Osando aprire gli occhi, quasi urlò di sorpresa nel trovare Watson addormentato accanto a lui -beh, più che altro sotto di lui, visto che lui era drappeggiato in maniera piuttosto comoda sopra il medico. Ed erano entrambi nudi. Holmes chiuse gli occhi strettamente, per poi aprirli di nuovo, certo che fosse tutto un frammento della sua immaginazione. Ma Watson rimaneva lì, pacifico nel sonno, le sue mani rilassate sul braccio di Holmes.

Holmes si ritirò, mettendosi a sedere, e realizzò, dal modo in cui la sua pelle rimaneva leggermente attaccata a quella di Watson, che avevano avuto delle… interazioni.
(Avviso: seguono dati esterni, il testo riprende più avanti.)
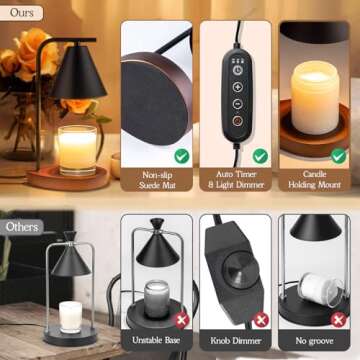 Marycele Black Candle Warmer Lamp with Timer, Birthday Gifts for Him Her, House Warming Gifts New Home Decor Aesthetic Black, Electric Dimmable Wax Melt Warmer for Jar Candles with 2 Bulbs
Piuttosto intime. Una mano tremante passò sopra i resti appiccicaticci sulla parte bassa del suo addome e sfiorarono il suo pene, ancora leggermente viscido per qualsiasi cosa avessero usato come lubrificante. I suoi occhi si allargarono con orrore, e non poté trattenere la sua mano dal raggiungere i fianchi di Watson per sentire…
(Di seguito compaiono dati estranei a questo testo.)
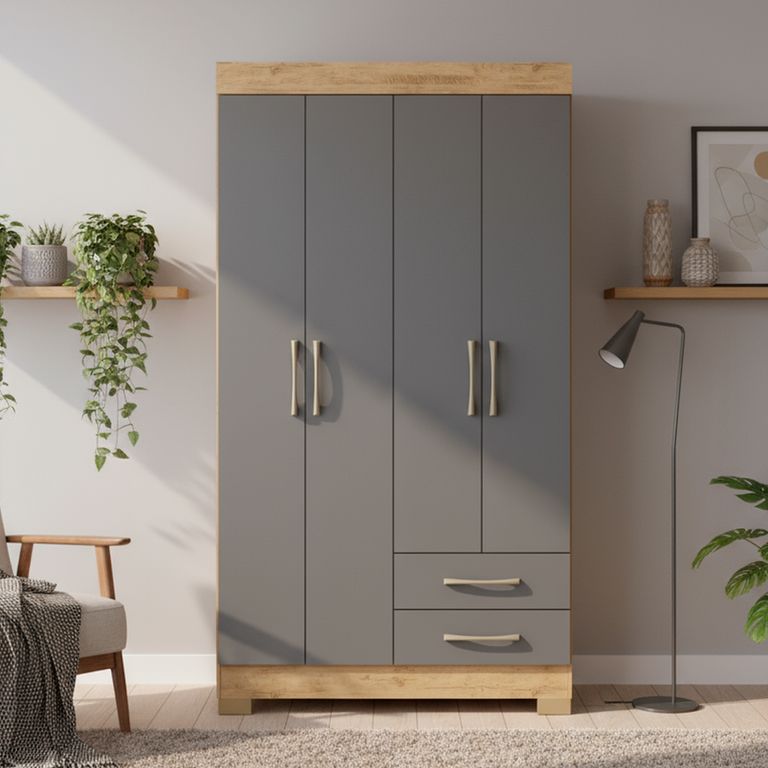 Closet 4 Puerta(s) 2 Cajón(es) 3 Repisa(s) 105x182x47 cm Gris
Tremò. Aveva preso Watson, aveva fatto sesso penetrativo con lui.

Barcollò fuori dal letto, prendendo i vestiti che erano a portata di mano e andò in bagno per pulirsi e cercare di ricordare cosa fosse successo.

Tremava, mentre si lavava, pulendo le tracce di ciò che aveva fatto, e cercò di tenere a freno i suoi pensieri turbinanti. Avevano bevuto, di questo era certo. Un vago ricordo di essere andato in un pub con un gruppo di ispettori riaffiorò nella sua mente; si, questo era successo. Si erano trattenuti a bere per più di un giro, ed erano tornati a casa piuttosto sbronzi. Watson erta inciampato sulla soglia di casa, Holmes aveva cercato di afferrarlo ma erano finiti entrambi sul pavimento, Watson sopra di lui.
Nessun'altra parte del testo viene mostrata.